Weakening wholesale beef prices added pressure to live cattle, along with adequate supplies of animals available to packers through the summer.
The US Department of Agriculture’s (USDA) monthly cattle on feed report, released after the close, showed the 1 February inventory of US cattle and calves on feed rose 1% from a year earlier and was the highest on record for that date. The figure, however, was largely in line with market expectations.
Fed cattle at US Plains markets traded mostly at $141 to $142 per cwt this week, steady to down $1 from the prior week and below early-week expectations.
«Cash cattle sales were certainly a disappointment for the week,» said Rich Nelson, chief strategist with Allendale Inc.
CME April live cattle ended 0.375 cent lower at 141.925 cents per pound, the lowest in nearly a month.
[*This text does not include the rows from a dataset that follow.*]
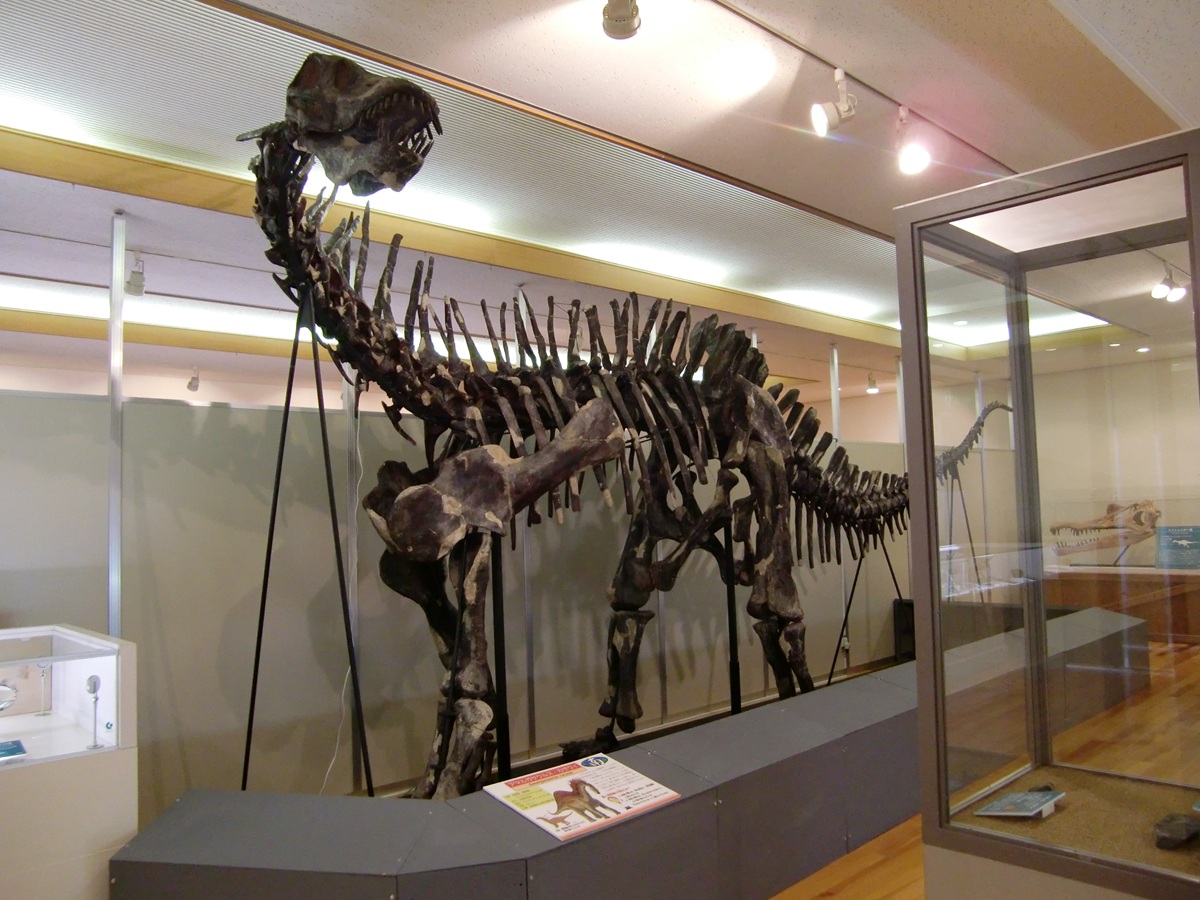 kta92751434's tweet photo. ディプロドクス類大好き
#Amargasaurus #アマルガサウルス
#Brontosaurus #ブロントサウルス
#Diplodocus #ディプロドクス
#Nigersaurus #ニジェールサウルス
なかなかディプロドクス類の全身って展示されない上に、細長くて写真撮りにくいのよ https://t.co/uy5BKbIPBo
The contract, however, found some technical chart support around its 100-day moving average, limiting a further slide.
Feeder cattle futures bucked the broader decline in livestock markets to close higher, supported by a sharp drop in feed corn costs.
CME March feeder cattle gained 0.925 cent to settle at 160.025 cents per pound, while April feeders rose 0.950 cent to 164.750 cents.
Lean hogs extended a recent drop after hitting contract highs at midweek in a continued market correction.
CME April hog futures fell 1.850 cents to settle at 103.675 cents per pound, while June hogs ended down 2.225 cents at 113.875 cents per pound.